Before J.R. testified, Eaglespeaker objected to the admission of the text messages J.R. had received. The defense argued that these messages were irrelevant because there was nothing to show that Eaglespeaker had sent them. J.R. had told officers that when she recovered the phone from Eaglespeaker, the text messages were erased. The trial court responded that J.R. would need to authenticate the texts.

The State then showed J.R. photographs of text messages from her cell phone that Lyle took on December 21, 2012. J.R. explained that Eaglespeaker had been using her boyfriend Scott's cell phone while Scott was incarcerated and while she was exchanging texts with that phone. J.R. added that the texts she received addressed events that were happening while Eaglespeaker had the phone and were "things that only he would know." RP (May 14, 2013) at 32. The court admitted photographs of the texts from December 19 and 20.
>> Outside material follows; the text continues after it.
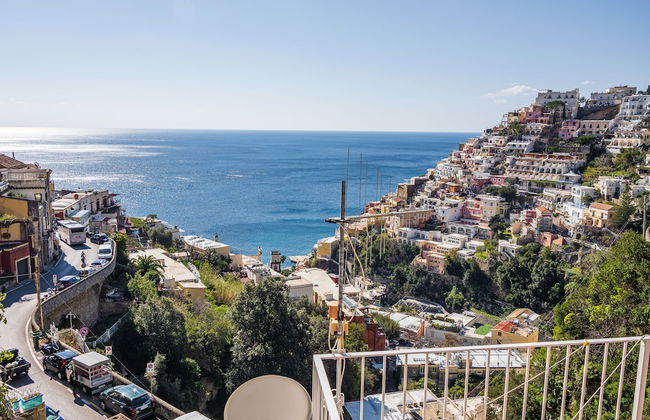 LA PERLA DI CHICCA in Positano - Foto 24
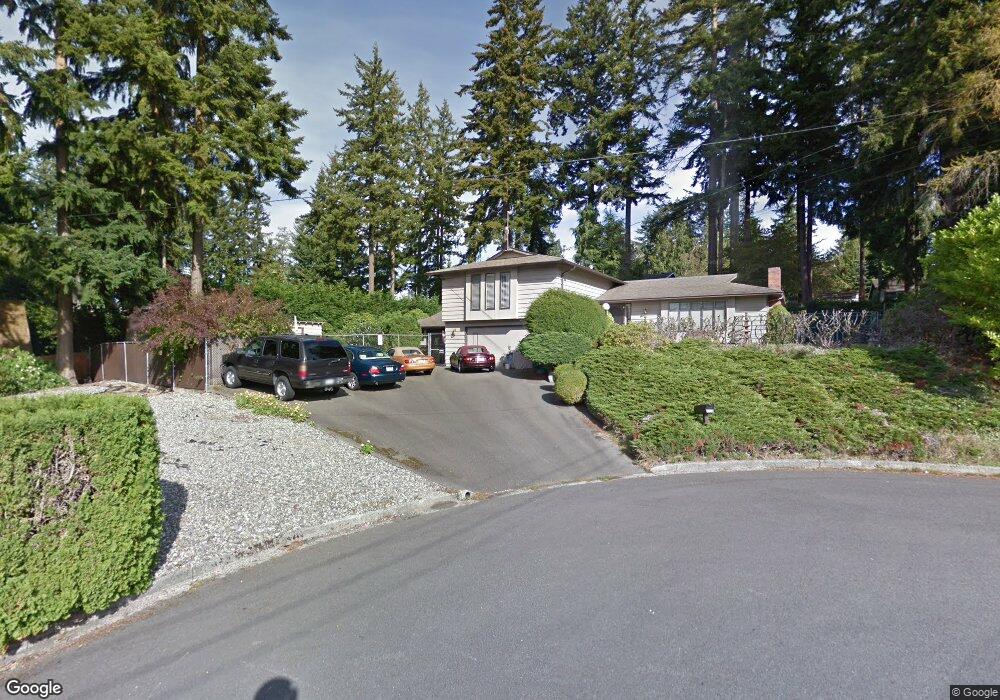 6705 160th Place SW, Edmonds, WA 98026 - photo 1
The texts started with an exchange about Eaglespeaker helping J.R. sell her boyfriend's truck canopy. J.R. testified that her boyfriend then called from prison and that the two of them had a long argument, during which Eaglespeaker came to her house "a couple times" and left because of the ongoing argument. RP (May 14, 2013) at 36. J.R. later texted Eaglespeaker that she felt "like throwing up" because she was so upset with her boyfriend. RP (May 14, 2013) at 36-37. When Eaglespeaker did not respond, she sent another text asking why he was ignoring her. Eaglespeaker responded that he had just woken up and would "be over in a few." RP (May 14, 2013) at 38. After some additional messages, J.R. texted Eaglespeaker that he could go back to sleep if he wanted. He responded, "I need to shower, [what about you]?" RP (May 14, 2013) at 40. J.R. answered that she always waited until her children were asleep, to which Eaglespeaker replied, "Okay, well if you want me to come over then let me know." RP (May 14, 2013) at 41. J.R. replied, "Sweet dreams." RP (May 14, 2013) at 41. The messages continued:

[Eaglespeaker]: Yeah, don't let the meth bugs bite.
[J.R.]: What's up with you. You're either really nice or really mean, confusing.
[Eaglespeaker]: Really mean, but my album's incredible. . . . Are you ready to hump?
[J.R.]: No, but at least now I know that's the only reason that you wanted to hang out, not surprising, happens a lot.
[Eaglespeaker]: Okay, you're such an ass. You make me feel like an animal or is it cuz I'm an Indian. Well call it what you want, that's what normal people do. To me it seems there's no mutual attraction. You brush me and push me away, tease me. I'm man plus an addict, so you don't have to treat me like I'm being put through a test a time. . . . Wish you felt like I did and not want me for the wrong reasons. ... I'm leaving your phone on your doorstep, I'm frustrated.
[J.R.]: Why does it have to revolve around sex? You're being stupid right now. You're totally tripping. Who cares if you're an addict, who isn't? ... I didn't do anything to deserve this. . . . Real mature, I didn't think you were that shallow. . .
[Eaglespeaker]: I'm not shallow. I'm a man who has hung out with you for days and get no affection or attention hardly so naturally I feel like I'm just a reject-----If I can't have it my way, I don't want it at all.....
[J.R.]: I'm speechless basically. . . . You are being pretty shallow, shallow, shallow Waste your time elsewhere if [you] want. I[t] won't be my loss, that's for damn sure.
RP (May 14, 2013) at 41-44.

Eaglespeaker then texted, "You up still?" RP (May 14, 2013) at 44. J.R. replied, "Yep, kids just fell asleep." 5-14 RP 45. J.R. testified that she fell asleep at around 3:30 A.M. on December 20. RP (May 14, 2013) at 46. The next thing she knew, Eaglespeaker was standing in her bedroom. J.R. denied giving him permission to enter her home but said that she might have left the back window or door unlocked. She testified that Eaglespeaker forced himself on top of her and penetrated her vagina with his fingers. He left at about 6:15 A.M.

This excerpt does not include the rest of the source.